Exercise
Let the central angle $\alpha$ of a circle of sector $ABO$ with radius $R$ tend to zero. Determine the order of the infinitesimal relative to the infinitesimal $\alpha$ of the line $CD$.
Attempt
As I was typing up my attempt, I had a revelation, and solved the whole thing!
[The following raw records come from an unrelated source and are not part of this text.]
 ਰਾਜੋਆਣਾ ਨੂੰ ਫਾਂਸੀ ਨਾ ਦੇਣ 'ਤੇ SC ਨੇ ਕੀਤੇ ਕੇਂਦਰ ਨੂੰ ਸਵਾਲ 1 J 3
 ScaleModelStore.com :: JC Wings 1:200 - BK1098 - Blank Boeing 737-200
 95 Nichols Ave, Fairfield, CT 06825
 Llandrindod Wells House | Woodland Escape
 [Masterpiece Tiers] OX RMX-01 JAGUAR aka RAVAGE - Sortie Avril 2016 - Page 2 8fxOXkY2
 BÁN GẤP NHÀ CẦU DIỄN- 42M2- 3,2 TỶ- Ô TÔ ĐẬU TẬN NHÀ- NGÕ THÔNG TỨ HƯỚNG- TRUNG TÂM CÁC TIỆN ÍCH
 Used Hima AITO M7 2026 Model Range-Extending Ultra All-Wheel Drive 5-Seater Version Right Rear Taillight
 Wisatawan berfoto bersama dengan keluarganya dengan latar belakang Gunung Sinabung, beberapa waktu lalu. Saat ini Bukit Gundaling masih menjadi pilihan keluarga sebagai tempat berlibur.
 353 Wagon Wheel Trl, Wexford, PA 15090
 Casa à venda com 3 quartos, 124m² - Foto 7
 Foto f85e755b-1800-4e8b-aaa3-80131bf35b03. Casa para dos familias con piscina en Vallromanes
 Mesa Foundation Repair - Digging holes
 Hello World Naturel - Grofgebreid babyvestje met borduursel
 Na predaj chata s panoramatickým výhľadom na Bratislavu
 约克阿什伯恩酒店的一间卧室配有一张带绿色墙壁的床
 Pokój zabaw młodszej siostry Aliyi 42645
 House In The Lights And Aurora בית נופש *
I've decided to put my solution as and answer down below.
Solution
$DC(\alpha) = R(1 - \cos \alpha)$
I must find $n$ such that $\lim\limits_{\alpha \to 0}{\frac{1-\cos \alpha}{\alpha^n}} \neq 0$.
$\lim\limits_{\alpha \to 0}{\frac{1-\cos \alpha}{\alpha^n}}$ $= \lim\limits_{\alpha \to 0}{\frac{1-\cos \alpha}{\alpha^n}\frac{1+\cos \alpha}{1+\cos \alpha}}$ $= \lim\limits_{\alpha \to 0}{\frac{1-\cos^2 \alpha}{\alpha^n(1+\cos \alpha)}}$ $= \lim\limits_{\alpha \to 0}{\frac{\sin^2 \alpha}{\alpha^n(1+\cos \alpha)}}$ $= \lim\limits_{\alpha \to 0}{\frac{1}{\alpha^{n-2}(1+\cos \alpha)}}$
If $n = 2$, then $\alpha^{n-2}=1$, so $\lim\limits_{\alpha \to 0}{\frac{1}{\alpha^{n-2}(1+\cos \alpha)}}$ $= \lim\limits_{\alpha \to 0}{\frac{1}{1+\cos \alpha}}$ $= \frac{1}{1+\cos 0}$ $ = \frac{1}{2}$
Answer
$$n = 2$$
The order of the infinitesimal $1-\cos \alpha$ relative to the infinitesimal $\alpha$ is $2$.